Type of non-Basmati aromatic rice

Koraput Kalajeera rice is a variety of non-Basmati, aromatic, black paddy coloured, small rice mainly grown in the Indian state of Odisha. It is a common and widely cultivated crop in the Koraput district of Odisha as well as Nabarangapur district which was earlier a part of Koraput. For thousands of years, the ancestors of Koraput's present tribal communities have cultivated and domesticated Kalajeera rice, playing a crucial role in its conservation.
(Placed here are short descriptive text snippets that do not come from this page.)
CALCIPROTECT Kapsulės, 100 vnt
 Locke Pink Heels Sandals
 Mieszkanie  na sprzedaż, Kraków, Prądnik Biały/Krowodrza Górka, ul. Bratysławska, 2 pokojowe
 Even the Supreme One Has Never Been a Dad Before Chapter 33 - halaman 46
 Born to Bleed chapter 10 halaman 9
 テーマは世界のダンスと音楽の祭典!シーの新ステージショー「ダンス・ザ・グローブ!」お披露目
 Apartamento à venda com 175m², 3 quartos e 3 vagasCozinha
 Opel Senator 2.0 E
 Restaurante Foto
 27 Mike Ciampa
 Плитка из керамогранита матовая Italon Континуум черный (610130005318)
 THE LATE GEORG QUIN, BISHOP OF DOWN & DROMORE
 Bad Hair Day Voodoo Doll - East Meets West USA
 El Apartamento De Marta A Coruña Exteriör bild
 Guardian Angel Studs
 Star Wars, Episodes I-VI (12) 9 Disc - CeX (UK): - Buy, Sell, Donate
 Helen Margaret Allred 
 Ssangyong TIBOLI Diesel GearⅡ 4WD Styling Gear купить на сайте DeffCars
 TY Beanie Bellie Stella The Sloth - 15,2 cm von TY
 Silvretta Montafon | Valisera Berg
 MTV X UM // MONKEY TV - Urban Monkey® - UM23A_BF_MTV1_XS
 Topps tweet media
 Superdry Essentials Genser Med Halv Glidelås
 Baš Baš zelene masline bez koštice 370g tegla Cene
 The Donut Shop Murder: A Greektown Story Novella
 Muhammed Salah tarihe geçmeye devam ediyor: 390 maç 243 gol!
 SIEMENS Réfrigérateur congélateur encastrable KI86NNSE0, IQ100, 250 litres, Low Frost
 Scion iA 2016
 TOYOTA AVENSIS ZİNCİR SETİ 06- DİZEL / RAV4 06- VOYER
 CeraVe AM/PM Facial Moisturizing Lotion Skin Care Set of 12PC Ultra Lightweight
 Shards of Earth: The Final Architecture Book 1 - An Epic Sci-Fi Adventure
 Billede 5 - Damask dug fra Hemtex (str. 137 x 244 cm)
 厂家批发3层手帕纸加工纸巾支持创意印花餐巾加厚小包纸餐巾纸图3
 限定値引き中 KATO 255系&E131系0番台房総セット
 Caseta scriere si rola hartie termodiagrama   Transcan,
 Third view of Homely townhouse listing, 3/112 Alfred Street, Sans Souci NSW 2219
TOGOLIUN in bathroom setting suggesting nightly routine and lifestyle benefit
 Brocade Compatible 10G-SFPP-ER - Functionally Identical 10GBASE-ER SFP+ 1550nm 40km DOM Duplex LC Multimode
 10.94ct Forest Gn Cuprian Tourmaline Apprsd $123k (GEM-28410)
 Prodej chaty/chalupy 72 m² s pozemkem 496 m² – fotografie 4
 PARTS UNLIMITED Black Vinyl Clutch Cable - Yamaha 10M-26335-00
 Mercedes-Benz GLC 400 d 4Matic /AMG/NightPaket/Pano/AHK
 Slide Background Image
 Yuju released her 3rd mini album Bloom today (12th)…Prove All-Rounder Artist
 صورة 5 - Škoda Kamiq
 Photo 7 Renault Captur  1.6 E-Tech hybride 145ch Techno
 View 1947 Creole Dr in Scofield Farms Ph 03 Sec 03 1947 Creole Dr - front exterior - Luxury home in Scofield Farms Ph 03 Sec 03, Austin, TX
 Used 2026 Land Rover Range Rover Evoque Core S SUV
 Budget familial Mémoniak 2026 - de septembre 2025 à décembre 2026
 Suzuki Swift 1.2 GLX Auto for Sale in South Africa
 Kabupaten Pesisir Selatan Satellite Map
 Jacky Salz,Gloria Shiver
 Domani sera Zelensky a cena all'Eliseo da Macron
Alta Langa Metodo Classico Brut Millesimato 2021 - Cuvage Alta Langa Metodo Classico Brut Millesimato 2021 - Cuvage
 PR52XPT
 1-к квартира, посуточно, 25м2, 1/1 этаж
Under its Geographical Indication tag, it is referred to as "Koraput Kalajeera Rice".

==Name==
Koraput Kalajeera rice is a prized crop in Koraput and so named after it. The word "Kalajeera" is made up of 2 words - "Kala" meaning black in the state language of Odia, while "Jeera" means Cumin seeds. It is referred as the "Prince of Rice".

===Local name===
It is known locally as "Koraputer Kalaajira Dhan" (କୋରାପୁଟର କଳାଜିରା ଧାନ)

==Description==
This variety of rice is aromatic and distinct, with a unique color, taste, texture, and aroma. It has black paddy, but the obtained rice is white.

==Uses==
The Kalajeera rice, cultivated by Koraput's tribals for generations, holds spiritual significance as it's used to prepare the sacred Prasad or Bhog offered at the Lingaraj and Ananta Basudev temples in Bhubaneswar. This initiative aims to promote and encourage the cultivation of Kalajeera.

==Geographical indication==
It was awarded the Geographical Indication (GI) status tag from the Geographical Indications Registry under the Union Government of India on 2 January 2024 (valid until 10 January 2032).

Jaivik Sri Farmers Producer Company Limited from Pujariput, proposed the GI registration of Koraput Kalajeera rice. After filing the application in January 2022, the rice was granted the GI tag in 2024 by the Geographical Indications Registry in Chennai, making the name "Koraput Kalajeera rice" exclusive to the rice grown in the region. It thus became the first rice variety from Odisha and the 25th type of goods from Odisha to earn the GI tag.

The GI tag protects the rice from illegal selling and marketing, and gives it legal protection and a unique identity.